Not every health resolution revolves around weight loss. For many, the new year brings a renewed dedication to gaining "healthy weight" (i.e. muscle.) Sound familiar? If bulking up and gaining lean muscle is your goal for 2014, the tips below may help get you on the right path.
1. Maintain Protein Levels
The body's process of storing proteins is called protein synthesis, and is something you want to generate when pursuing muscle gain. The more protein your body is able to store, the more it will have to draw from to repair muscles. Lean meats and a surprising number of vegetables are excellent sources of protein, and are easy to work into every meal of the day. Protein shakes are a given as well, and we recommend mixing them up every now and then with one of our many BlenderBottle protein shake recipes. Simply add the ingredients to your BlenderBottle shaker cup, add the BlenderBall wire whisk ball, and shake.

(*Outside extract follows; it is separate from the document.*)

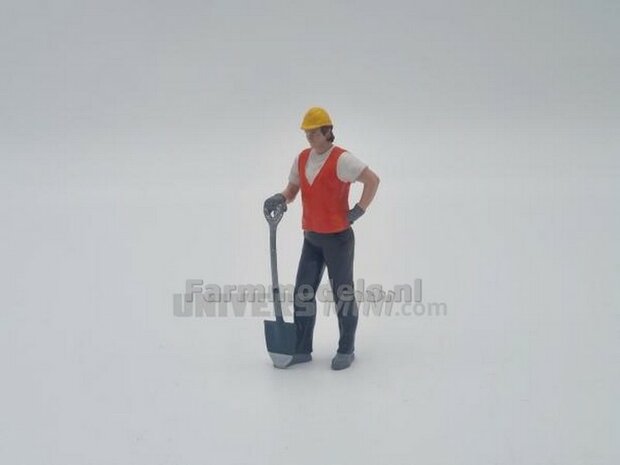 ORANGE: Man met schopen veiligheids hesje en helm-handgeschilderd 1:32 ATL32049 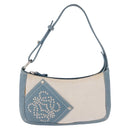 LOEWE Shoulder Bag Canvas Silver Beige Auth 200063A-13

2. Build Up Your Big Muscles
Working out large muscle groups such as your back, chest, and legs promotes the greatest amount of protein synthesis, thus helping you gain the most amount of weight in the quickest possible way. As with any exercise plan, however, balance and variation is key. Make sure to target these larger muscle groups every workout, but keep a rotation, and make sure to work out each muscle group equally.
3. Take a Rest
It's tempting to start off the new year full-force, hitting the gym 7 days a week in hopes of jump-starting your goal. Your muscles rebuild when you're resting, however, so it's crucial that you give them that time. On your days off, make sure to snack on carbohydrate-rich foods to slow the rate of internal protein breakdown. A banana with peanut butter will do the trick, and increase your protein levels all at once. What are some of your weight-gain tips?